Short text fragments from websites:

**********

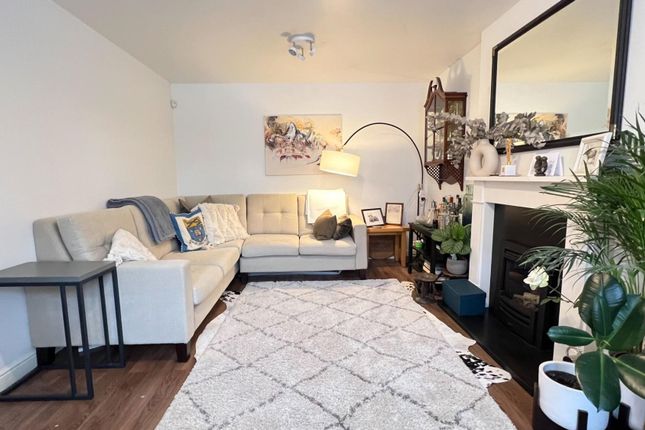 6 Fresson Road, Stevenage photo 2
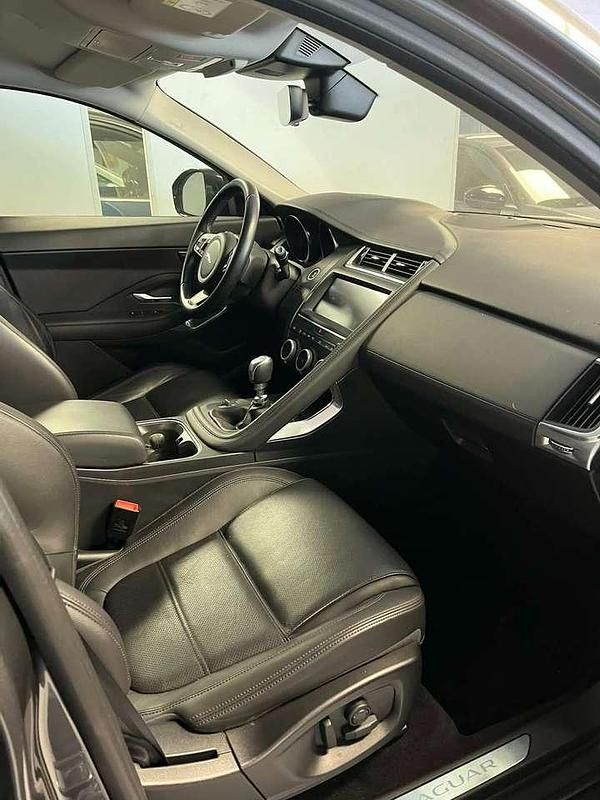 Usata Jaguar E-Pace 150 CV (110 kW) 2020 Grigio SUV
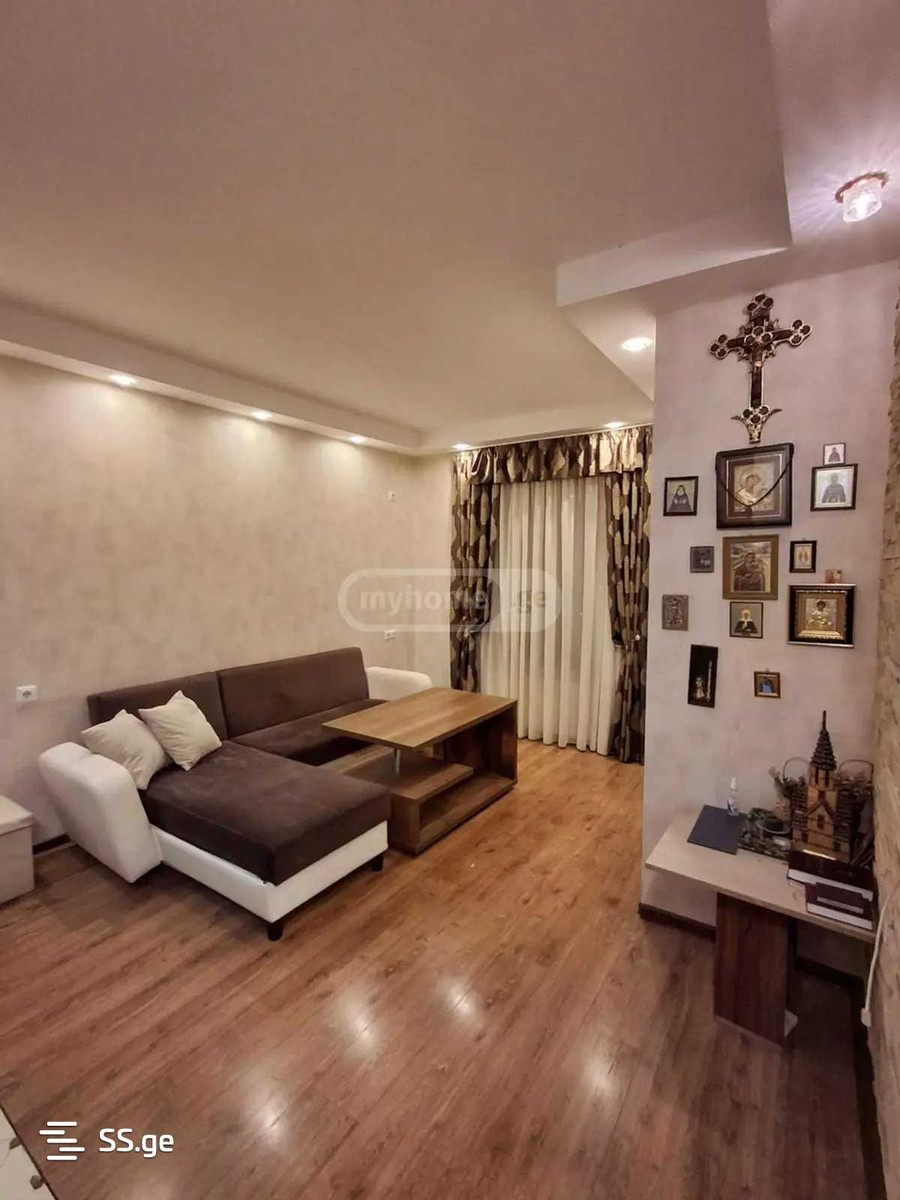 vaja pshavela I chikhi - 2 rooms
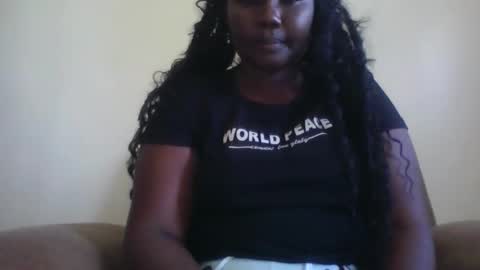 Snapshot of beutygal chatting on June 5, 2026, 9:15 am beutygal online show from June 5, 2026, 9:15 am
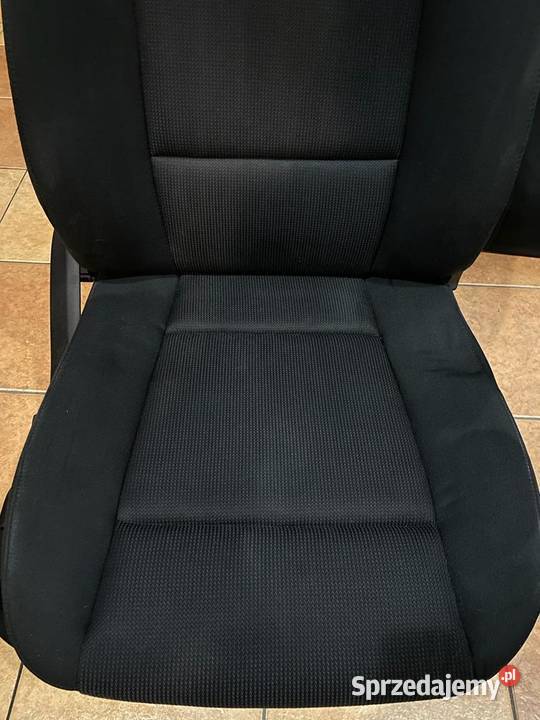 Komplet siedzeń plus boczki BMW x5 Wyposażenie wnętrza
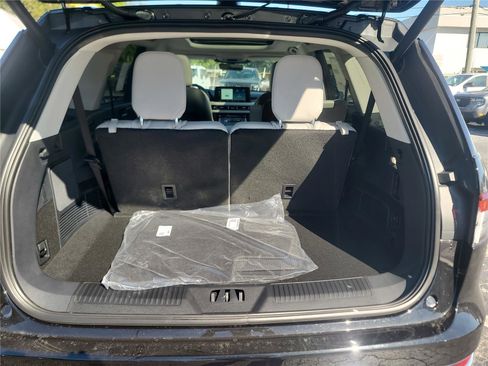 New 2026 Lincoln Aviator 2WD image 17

**********

= WHAT NEEDS TO BE DONE =
Write out exactly the lines from the one containing "Usata Jaguar E-Pace" to the last line of the records above, both included, and leave out any pictures.

= WRITTEN RESPONSE =
 Usata Jaguar E-Pace 150 CV (110 kW) 2020 Grigio SUV
 vaja pshavela I chikhi - 2 rooms
 Snapshot of beutygal chatting on June 5, 2026, 9:15 am beutygal online show from June 5, 2026, 9:15 am
 Komplet siedzeń plus boczki BMW x5 Wyposażenie wnętrza
 New 2026 Lincoln Aviator 2WD image 17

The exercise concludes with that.